EX-99.1 2 dex991.htm PRESS RELEASE Press Release

Exhibit 99.1

 

Contacts

 

V.I. Technologies, Inc. (Vitex)

John R. Barr

617-926-1551

john.barr@vitechnologies.com

or

Thomas T. Higgins

617-926-1551

tom.higgins@vitechnologies.com

 

Vitex Provides Update on Merger Status

 

Watertown, MA (October 29, 2004) — V.I. Technologies, Inc. (Nasdaq: VITX) (“Vitex” or “the Company”), a biotechnology company dedicated to developing the next generation of anti-infective products, announced today that it adjourned its special meeting of shareholders which was being held to vote on proposals related to the Company’s proposed merger with Panacos Pharmaceuticals.
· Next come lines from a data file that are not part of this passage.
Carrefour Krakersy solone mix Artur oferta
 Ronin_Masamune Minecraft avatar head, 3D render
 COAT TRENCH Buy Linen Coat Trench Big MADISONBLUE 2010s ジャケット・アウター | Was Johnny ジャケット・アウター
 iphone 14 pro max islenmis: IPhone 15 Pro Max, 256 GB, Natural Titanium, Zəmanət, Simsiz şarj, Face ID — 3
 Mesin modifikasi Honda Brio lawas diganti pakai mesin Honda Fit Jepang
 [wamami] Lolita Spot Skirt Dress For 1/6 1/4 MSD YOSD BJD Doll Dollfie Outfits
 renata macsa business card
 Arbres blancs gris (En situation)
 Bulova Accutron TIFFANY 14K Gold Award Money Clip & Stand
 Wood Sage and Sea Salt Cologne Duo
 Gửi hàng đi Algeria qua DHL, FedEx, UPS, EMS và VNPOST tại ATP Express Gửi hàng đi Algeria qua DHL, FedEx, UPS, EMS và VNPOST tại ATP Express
A date to reconvene the special shareholders meeting has not been scheduled. Vitex reported that it is involved in negotiations with Panacos concerning modifications of the merger agreement. Until these merger-related terms are resolved, Vitex and Panacos have deferred consideration of financing proposals.

 

About Vitex

 

Vitex is developing the next generation of anti-infective products. The Company’s proprietary INACTINE technology, currently in a Phase III clinical trial for use in acute transfusions, is designed to inactivate a wide range of viruses, bacteria and parasites in units of red blood cells, and has also demonstrated its ability to remove prion proteins from red cell units. Over 40 million red cell units are transfused annually in the U.S., Europe and Japan. For more information on Vitex, please visit our web site at: http://www.vitechnologies.com.

 

Vitex announced that it entered into a definitive merger agreement with privately-held Panacos Pharmaceuticals, a biotechnology company discovering and developing novel antiviral drugs for the treatment of HIV and other major human viral diseases. Terms of the merger, which is subject to the approval of the shareholders of Vitex and Panacos, are contained in the Joint Proxy Statement/ Prospectus dated July 13, 2004 and in the Form S-4 Registration Statement on file with the Securities and Exchange Commission.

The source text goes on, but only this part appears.